---
license: apache-2.0
language:
  - en
  - zh
base_model: Qwen/Qwen3.6-27B
tags:
  - mlx
  - mlx-node
  - quantized
  - awq
  - nvfp4
  - micro-scaling-fp
  - qwen3.6
  - hybrid-attention
  - gated-delta-net
  - apple-silicon
  - unsloth-dynamic
library_name: mlx-node
quantized_by: mlx-node
pipeline_tag: text-generation
model_type: qwen3_5
---

# Qwen3.6-27B — UD-NVFP4_K_XL (mlx-node)

NVFP4 (NVIDIA Blackwell FP4) quantization of [Qwen/Qwen3.6-27B](https://huggingface.co/Qwen/Qwen3.6-27B) for Apple Silicon, using the [**Unsloth Dynamic** quantization strategy](https://unsloth.ai/docs/models/qwen3.5/gguf-benchmarks) via [mlx-node](https://github.com/mlx-node/mlx-node).

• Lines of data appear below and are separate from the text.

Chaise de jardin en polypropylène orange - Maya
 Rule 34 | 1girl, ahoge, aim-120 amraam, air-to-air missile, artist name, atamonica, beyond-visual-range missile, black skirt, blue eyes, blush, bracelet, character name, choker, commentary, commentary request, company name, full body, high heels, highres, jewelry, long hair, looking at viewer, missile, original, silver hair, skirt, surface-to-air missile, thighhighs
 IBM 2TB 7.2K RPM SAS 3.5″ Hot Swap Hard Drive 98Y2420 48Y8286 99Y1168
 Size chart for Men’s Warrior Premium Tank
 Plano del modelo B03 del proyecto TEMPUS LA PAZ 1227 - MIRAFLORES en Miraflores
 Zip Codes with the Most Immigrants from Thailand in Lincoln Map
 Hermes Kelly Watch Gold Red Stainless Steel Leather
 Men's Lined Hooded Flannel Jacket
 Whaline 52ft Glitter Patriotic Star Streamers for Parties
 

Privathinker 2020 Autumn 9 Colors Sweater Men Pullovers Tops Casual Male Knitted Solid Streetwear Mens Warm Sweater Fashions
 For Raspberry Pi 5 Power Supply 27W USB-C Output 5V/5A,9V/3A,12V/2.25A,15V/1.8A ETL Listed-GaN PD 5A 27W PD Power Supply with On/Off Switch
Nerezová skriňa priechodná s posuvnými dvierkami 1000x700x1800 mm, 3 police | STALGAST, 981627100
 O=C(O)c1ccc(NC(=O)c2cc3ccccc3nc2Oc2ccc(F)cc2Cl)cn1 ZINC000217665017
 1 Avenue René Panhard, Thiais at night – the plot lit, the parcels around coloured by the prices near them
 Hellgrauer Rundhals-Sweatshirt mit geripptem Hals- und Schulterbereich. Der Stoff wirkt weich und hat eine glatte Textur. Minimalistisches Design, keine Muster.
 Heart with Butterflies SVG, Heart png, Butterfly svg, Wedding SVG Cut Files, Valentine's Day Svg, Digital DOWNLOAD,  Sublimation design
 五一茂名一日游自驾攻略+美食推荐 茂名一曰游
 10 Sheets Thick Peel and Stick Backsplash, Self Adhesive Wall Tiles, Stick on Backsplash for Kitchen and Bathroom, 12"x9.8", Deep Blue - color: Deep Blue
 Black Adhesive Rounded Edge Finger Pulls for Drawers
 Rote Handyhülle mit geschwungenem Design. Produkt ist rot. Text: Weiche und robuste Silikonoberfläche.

| | Original (BF16) | UD-Q4_K_XL (affine) | This Model |
|---|---|---|---|
| **Size** | ~66 GB | 21 GB | **21 GB** |
| **Format** | SafeTensors | SafeTensors | SafeTensors |
| **Precision** | BF16 uniform | 4-bit affine + BF16 | NVFP4 (E4M3 scales) + mixed affine + BF16 |
| **FFN group size** | — | 64 | **16 (nvfp4) / 64 (affine)** |
| **Biases** | — | yes | **no (FFN nvfp4); yes (affine layers)** |

## What is NVFP4?

NVFP4 is NVIDIA's [Blackwell FP4 micro-scaling format](https://developer.nvidia.com/blog/introducing-nvfp4-for-efficient-and-accurate-low-precision-inference/). Each group of **16** elements shares a single 8-bit **E4M3** scale (a full FP8 number with mantissa, not just an exponent), and elements themselves are stored as E2M1 FP4 values. Compared to MXFP4 (OCP):

- **Higher fidelity scale**: E4M3 scale has 3 mantissa bits, MXFP4's E8M0 only encodes a power-of-two
- **Smaller group**: 16 vs. 32 — fewer outliers per scale, better dynamic range tracking
- **Higher scale density**: 2× the scales per weight (16 elements vs 32 per scale), so per-byte overhead is roughly the same as MXFP4 despite the richer scale type
- **No biases**: zero-point implicit (FP4 covers ±range)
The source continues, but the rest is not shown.